* _Dataset excerpt_
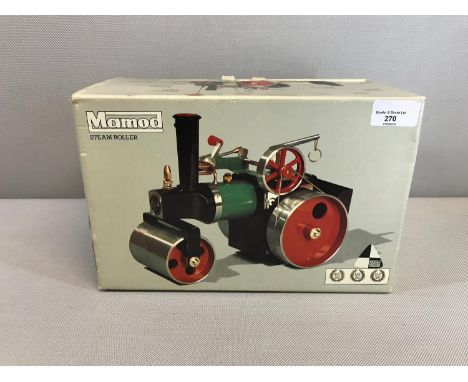 Mamod steam roller, complete with original box 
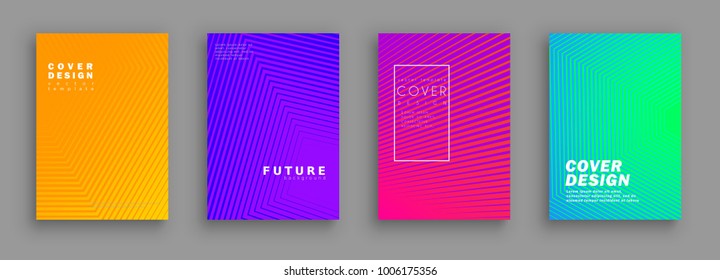 Minimal covers design. Colorful halftone gradients. Future geometric patterns. Vector template brochures, flyers, presentations, leaflet, magazine a4 size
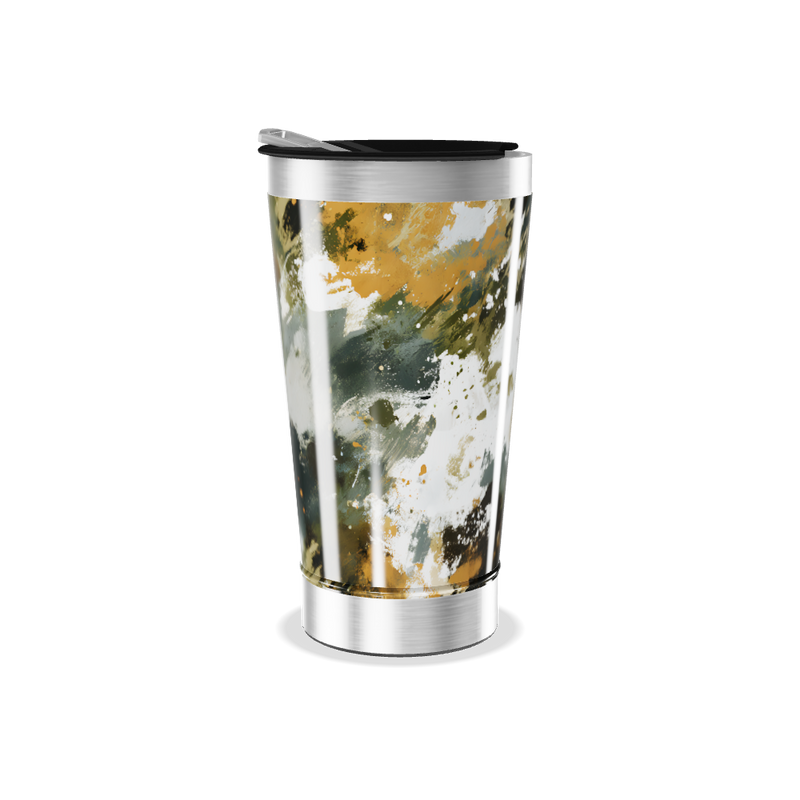 Copo Térmico - Estampa Abstrata Aço Inox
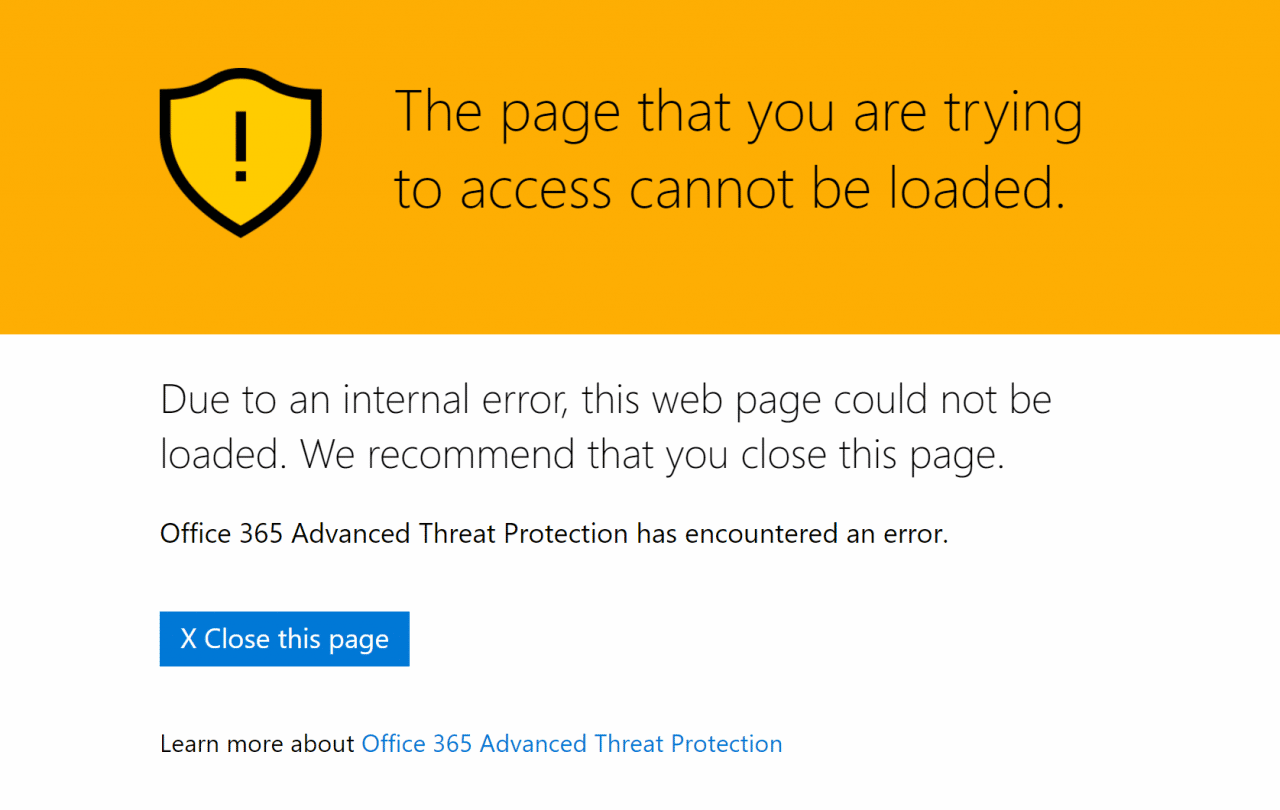 Office 365 Advanced Threat Protection safelinks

* _Your task_
Every line from the one bearing "Copo Térmico - Estampa Abstrata Aço Inox" through the end of the data above must be output exactly, and no picture may appear.

* _Result_
 Copo Térmico - Estampa Abstrata Aço Inox
 Office 365 Advanced Threat Protection safelinks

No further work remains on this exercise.